Geely Automobile Holdings has become the first automaker to launch a flagship store on Taobao Mall, Alibaba Group’s B2C website for major brands. Starting Dec. 22, Chinese consumers will be able to initiate online purchases of a model from Geely’s Gleagle line of inexpensive, mass-market sedans.

Auto companies all over the world are experimenting with e-commerce as an alternative to selling cars through dealerships, which requires large, expensive inventories (and often money losing discounts to move cars when sales estimates go awry).

Last month Kia, South Korea’s second-largest car company, became the latest to stick a toe in web waters when it announced some 300 of its U.S. dealers had agreed to start selling via e-Bay. Geely, China’s first non-state-owned carmaker, isn’t breaking much ground by opening an online store. The Chinese company currently plans to offer just one model on Taobao Mall: the Gleagle Panda, a compact four-door selling for under $6,000.

Not only is selection limited, the purchasing process is just barely digital. Buyers make a small deposit online before going to a nearby dealership for a test drive, where sales are completed.
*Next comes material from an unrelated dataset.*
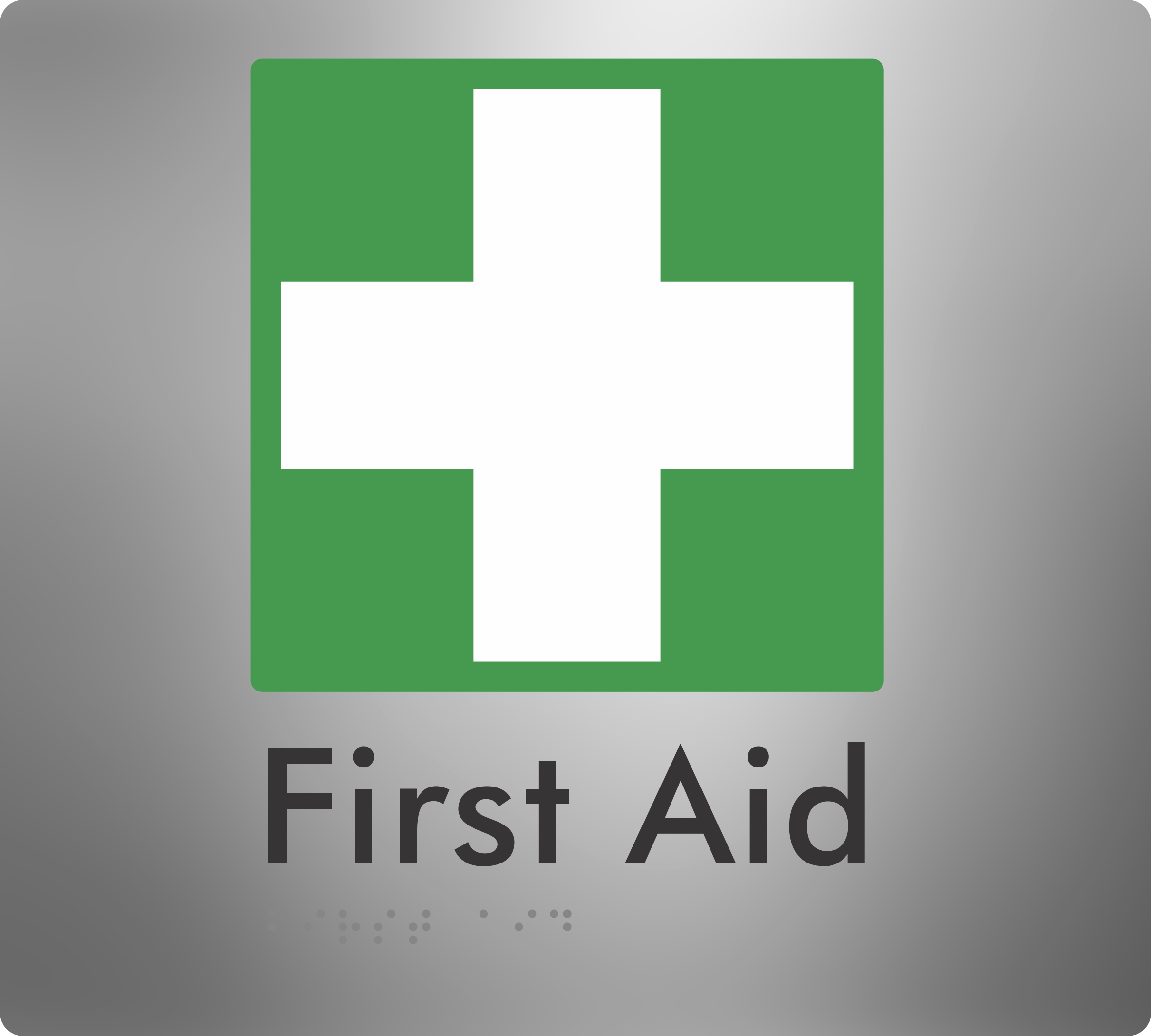 First Aid (For cabinets) - Braille Tactile Signs Aust.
Geely is not delivering cars to buyers’ homes, either, although the company says that could be possible in the future.

It’s a start. The company has plans to gradually expand online sales to other models, including some that will be available only via the Taobao Mall store.

No word on what those cars might be, but e-commerce appears to be more promising at the low end of the auto market. In September, Mercedes-Benz held a flash sale of its tiny Smart cars on Taobao, selling 205 of them in less than four hours at a discount of 24 percent off the sticker price. Geely, which is headquartered in Hangzhou in China and is best known for buying Volvo from Ford, announced plans last spring to bring out the Gleagle IG microcar in 2012.

With an estimated sticker price of $2,250, the Gleagle IG would be even cheaper than India’s Tata Nano. Oh, and since you are wondering, the name “Gleagle” is apparently a Chinese contraction for “global eagle.” Geely sells quite a few cars in emerging markets such as Africa.